When dealing with real property, you can discover if a lien is present by performing a simple title search. For purposes of selling or refinancing a home, it is important to remove a lien after a debt has been fully satisfied. Clear title is required before you can sell or refinance your home.

If the seller has any outstanding liens on the property, a buyer can back out of the home purchase even if the buyer is already in contract to buy the house. Banks and lenders also will not generally provide a mortgage to a new buyer until all liens on the property have been removed.

What Options Do I Have for Removing a Property Lien?

Removing a lien from your property can be a complicated process.
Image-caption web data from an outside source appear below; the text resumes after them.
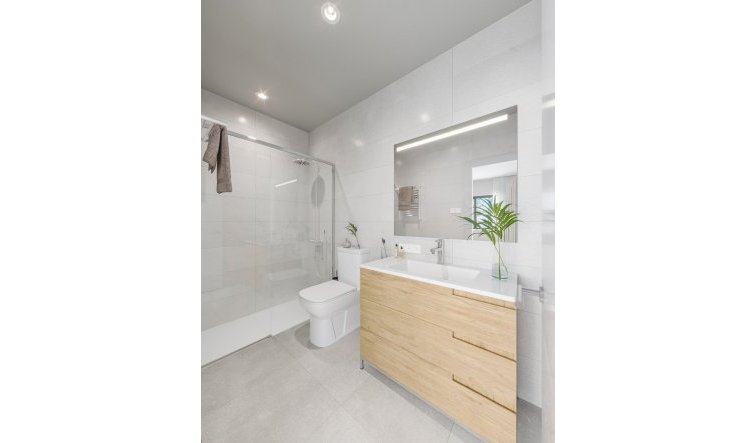 Obra nueva - Villa - Puerto de Mazarron - Caleñares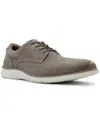 Aldo Men's Tyler Lace-up Shoes In Dark Beige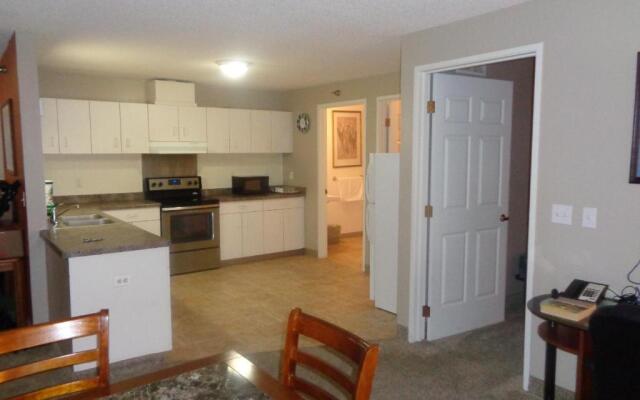 Riverview Suites Apartments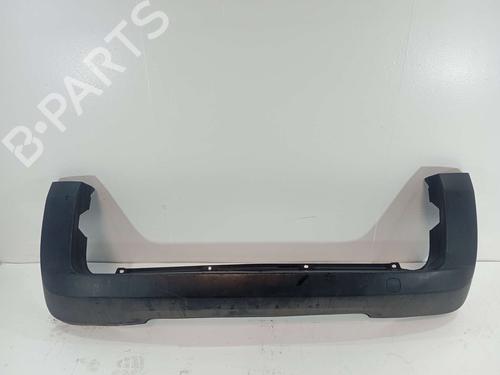 Used Rear bumper Rear bumper PEUGEOT BIPPER (AA_) [2008-2026] 36049588 36049588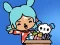 Spēle Toca Coloring Book online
If there is a lien on your house, it can prevent you from selling your home until the lien is removed. Below are various options you may have available to you to remove the lien from your property:

  1. Satisfy the debt that you owe. If you pay off the balance of your debt in full, you can file a “Release of Lien” form. This will act as evidence that the debt has been paid and effectively remove the lien from your property. While you should check your jurisdiction’s specific requirements, the following generally needs to be completed:
    • Obtain the Release of Lien form from your local county clerk’s office;
    • Fill the form out completely by providing information about the lienholder, borrower, property description, address and any other required information;
    • Show proof that the debt was paid in full (such as a copy of the checks or payment statements from the creditor);
    • Have the Release of Lien form signed by the lienholder/creditor in the presence of a notary public;
    • File the Release of Lien form with the county recorder’s office; and
    • Pay any required fees to complete the filing.
  2. Obtain a court order removing the lien. If the lien was obtained through fraud, coercion, bad faith or any other improper means, you can ask a judge to remove the lien from your property.
    • This may be hard to prove, so be sure to have clear proof of improper behavior if you choose to make this request. Doing so will increase your chances that a judge will issue the court order.
  3. File for Chapter 7 Bankruptcy. If you file for bankruptcy to remove the lien, this is referred to as “lien avoidance.” The lien will be removed and you can keep possession of your property. This is because if you file under Chapter 7, you can generally discharge the majority of your lien and debt obligations.
    • Keep in mind that this is only proper with certain liens (usually judicial liens) and may sometimes be enforceable for a limited amount of time, such as during bankruptcy proceedings.
    • You also should become educated on the effects of filing for bankruptcy before making a decision to do so, such as the inability to receive lines of credit for a certain period of time.
  4. Privately negotiate resolution of the lien with the creditor. Working out a settlement agreement to remove a lien with the creditor is always an option, if both parties agree.
    • This can typically be accomplished through arbitration, mediation or informal negotiations.
      1. For example, a creditor may agree to remove the lien if the debtor agrees to pay higher monthly payments and a higher interest rate on the mortgage.
  5. Wait for the statute of limitations to run. This does not usually require any effort on behalf of the debtor. Your state will have a law setting limitations on how long a lien is valid as well as how long a creditor has to file suit after the debtor defaults. If the required period of time passes, the lien can be removed and viewed as unenforceable.

Do I Need to Hire a Lawyer to Remove a Property Lien?

If you have a lien on your property and wish to have it removed, contacting a local real estate lawyer is a good idea. A lawyer can review the terms of your lien and present you with any available options to remove the lien.

Remember, this will vary depending on your situation and state laws. Additionally, a lawyer can represent you in court and make sure all necessary filings are completed correctly. A lawyer can also negotiate with your creditor to remove or lower your lien amount.